Hand Signals. Hand Signals I teach by linking the hand signals with the verbal commands I have already taught. So what you do is, give the new command and THEN the old command, and then go and enforce the behavior.

For instance, if I wanted to teach the dog to sit with the hand signal, I’d start by reaching out to my right (the new command) then say sit… and then with my other hand pop up on the leash. I usually do these for sit, down, and come. Heel usually isn’t necessary.

Advanced Handling Techniques. Basically this is where I put anything that any specific problems that the individual client may be having that needs more work on. On how to use your body language to get the most results with your dog, or anything else that might fall into that category. For example, using your left leg, which will guide the dog more, when you start heeling. And leaning slightly forward as you start, with more of a briskness in your step, than you’d normally take. Drop or Down on Recall. I usually teach this with two handlers. I’ll hold the dog on the long line and then have the owner put the dog on a sit next to me.

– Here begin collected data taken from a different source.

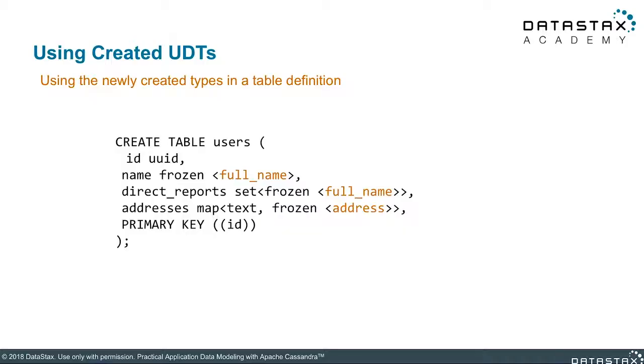Next you can see our create table definition here on this slide. Notice we used our full name UDT in our name column. Next line down, we created a set collection type with our full name UDT to create a direct reports column. And finally, we used our address UDT in a map collection.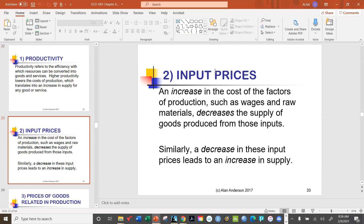Input prices are the cost of producing your good or service — wages, raw materials, and so on. For Starbucks, this includes wages paid to employees, electricity, rent on stores, property taxes, coffee beans, and milk. When input prices go up, this eats into profits and makes it much more difficult for the firm to produce, typically leading to a reduction in supply simply because it's becoming more expensive to produce.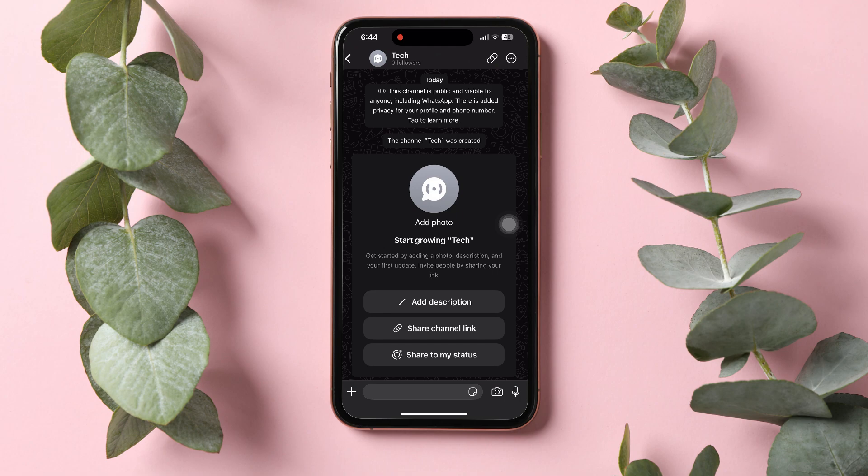Followers cannot see your phone number, profile picture or name, but other admins can. Following these steps, you can create a channel on WhatsApp Business.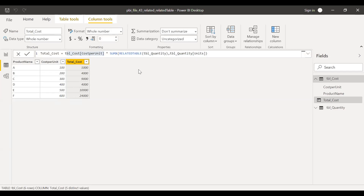One thing to remember: use the RELATED function when you have a one-to-one relationship — just like doing a VLOOKUP in Excel where each lookup value is unique. But when you have a one-to-many relationship, RELATED throws an error, whereas in Excel a VLOOKUP would just pick the first value. That's why you need to use RELATEDTABLE — especially when dealing with one-to-many relationships. This is the main difference between RELATED and RELATEDTABLE in Power BI.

Next, I’ll make the owner walk 50 feet off and then call the dog and right before the dog hits the end of the 30 foot line, the owner yells out the down command… so the dog immediately gets a pop… and sometimes the owner may have to walk toward the dog to actually make him go down. You can repeat this in different areas and in different places, and then you can go back and incorporate the hand signal with the down as well.

Send the client home to practice this on their own time by teaching them to tie the end of a long line to a post, or a tree. Have the dog in a sit stay, or a down stay next to the post or tree and then have the owner walk off. So if you are using a 30 foot line, have the owner walk off to about 50 feet away from the dog. Call the dog, and right before the dog hits end of the line, give the command… the dog gets the correction and goes down. But you want to make sure you have them vary the length of the long line. So sometimes tie it off at 15 feet, and sometimes tie it off at 20 feet… so that the dog never associates one specific length.

Development of Perfect Attention: If you have done competition heeling, then you know what I am talking about here. You’re teaching the hot dog trick (dropping small pieces of hot dog from your face level… and then gradually from your mouth, to focus attention on your face. Eventually, you link a command like ‘watch me’ or ‘look’, and then can start proofing the dog with distractions, once he understands, and still looks away. And then you start to incorporate motion) Or you can teach them how to use the Halti or the Promise Leader.

Again, if you’ve had experience with competition training, this should be a piece of cake. Recall with Wrap Around Finish. I teach the dog to sit front, and then I teach the wrap around finish by stepping back with my right leg, bringing the dog around.

As the dog passes behind me, from the right side of my body to the left side of the body, I’ll pass my leash off to my left hand, pivot my shoulders so that they are now facing the dog on the left side behind me, step forward… and as I step forward, repeat the command, “heel” and make the dog come in to the sit position in the heel. With enough repetitions the dog is going to pick this up and start becoming conditioned to wrap around you when you say, “heel”. [For the inexperienced, this is something you really need to SEE a few times.]